No quiero una caja sencilla, sino un sarcófago
Con rayas de tigre y una cara pintada en él,
Redonda como la luna, para escrutar el cielo.
Porque quiero mirarlos cuando vengan
Abriéndose camino entre los mudos minerales, las raíces.
Ya puedo verlos: esos rostros macilentos, a la distancia de los astros.
Ahora no son nada, ni siquiera unos bebés.
Me los imagino sin padres ni madres, como los primeros dioses.
Seguramente se preguntarán si yo era alguien importante.

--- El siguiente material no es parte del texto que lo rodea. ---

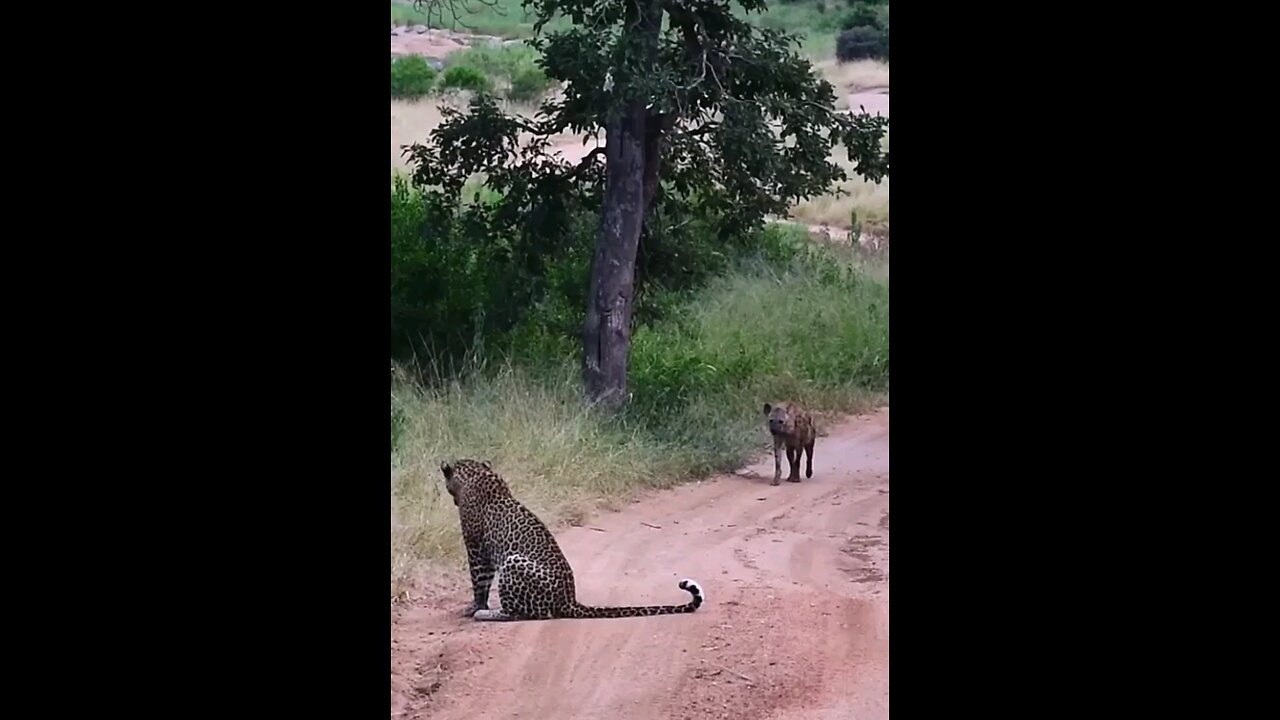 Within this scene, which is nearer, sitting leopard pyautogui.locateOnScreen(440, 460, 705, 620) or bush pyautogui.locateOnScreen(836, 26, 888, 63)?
bush pyautogui.locateOnScreen(836, 26, 888, 63)

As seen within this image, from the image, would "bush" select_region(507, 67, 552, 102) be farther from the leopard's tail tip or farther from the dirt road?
the leopard's tail tip

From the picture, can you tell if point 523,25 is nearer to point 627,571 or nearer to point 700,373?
point 700,373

¡Debería endulzar y conservar mis días como frutas!
Mi espejo se está nublando: unas cuantas vaharadas más
Y dejará de reflejar todo. Las flores y los rostros
Devienen en sábanas a fuerza de emblanquecer.
No me fío del espíritu, Se escapa como el vapor
En sueños, por el orificio de la boca o el del ojo. No puedo detenerlo.
Un día de éstos ya no volverá. Las cosas, en cambio, no son así.
Ellas permanecen, con sus pequeños lustres particulares
Siempre avivados por el uso. Si hasta casi ronronean.
Cuando las plantas de mis pies se enfríen,
El ojo azul de mi turquesa me confortará. Dejad, pues, que me quede
Con mis cacerolas de cobre, dejad que mis tarros de maquillaje
Florezcan a mi alrededor como flores nocturnas, con su agradable aroma.
Ellos me vendarán todo el cuerpo, envolverán mi corazón
Con fina pulcritud y lo pondrán a mis pies.
Ni yo misma me reconoceré. Y, como todo estará oscuro,
El brillo de esos objetos me parecerá más dulce que el rostro de Ishtar.